Input material:
______
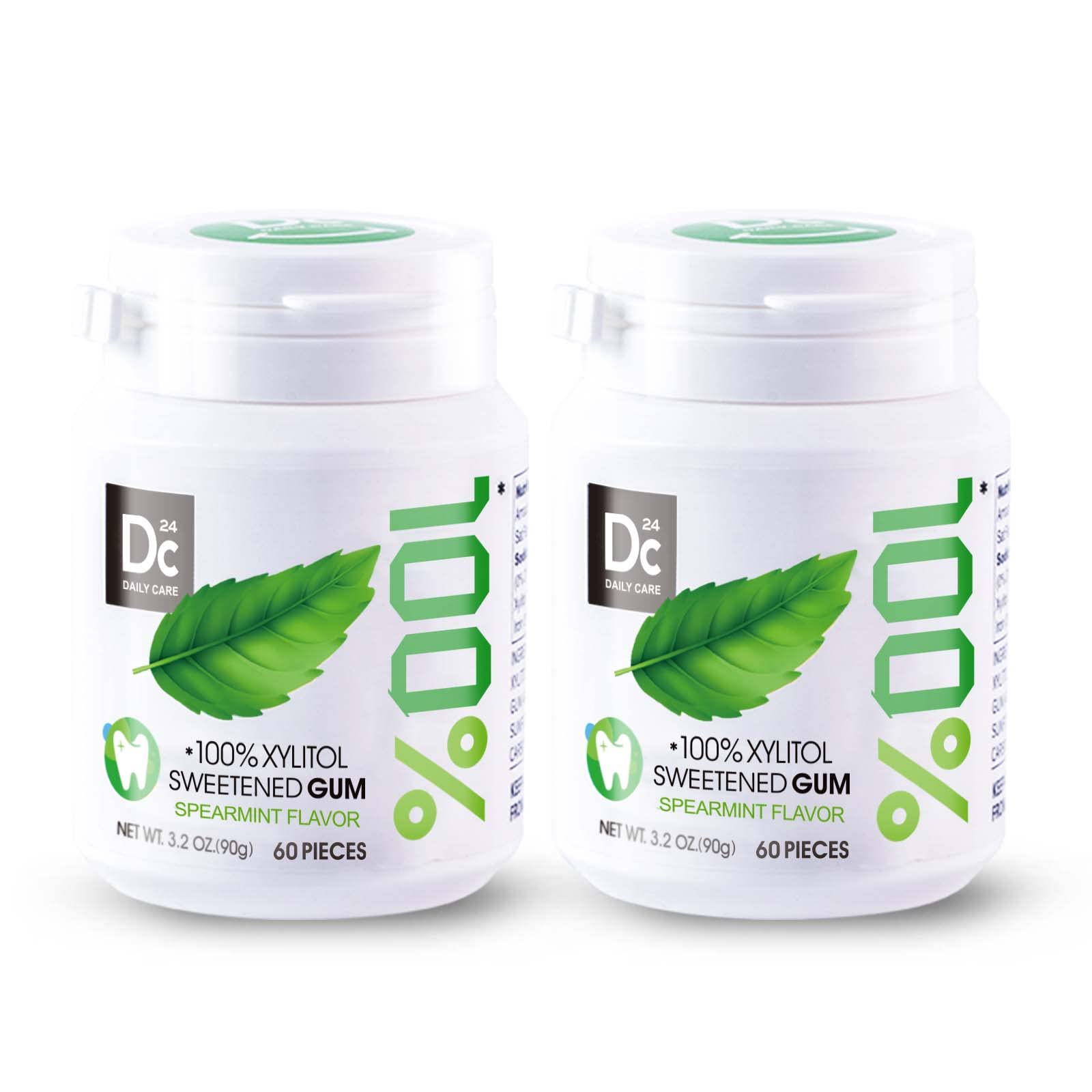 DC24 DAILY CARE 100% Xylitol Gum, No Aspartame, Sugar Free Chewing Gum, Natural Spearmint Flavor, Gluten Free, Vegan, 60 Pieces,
______
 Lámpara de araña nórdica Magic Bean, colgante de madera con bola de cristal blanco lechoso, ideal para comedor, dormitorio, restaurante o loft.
______
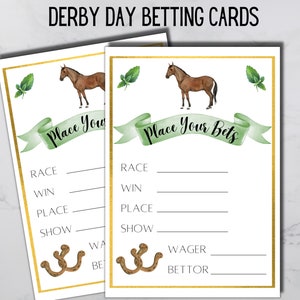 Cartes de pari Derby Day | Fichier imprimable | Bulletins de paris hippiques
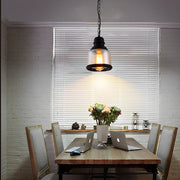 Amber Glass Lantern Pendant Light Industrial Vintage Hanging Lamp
______
Problem statement: Print exactly the lines above that run from the one with "Cartes de pari" down to the one with "Amber Glass Lantern", and omit the pictures.

Exercise answer:
 Cartes de pari Derby Day | Fichier imprimable | Bulletins de paris hippiques
 Amber Glass Lantern Pendant Light Industrial Vintage Hanging Lamp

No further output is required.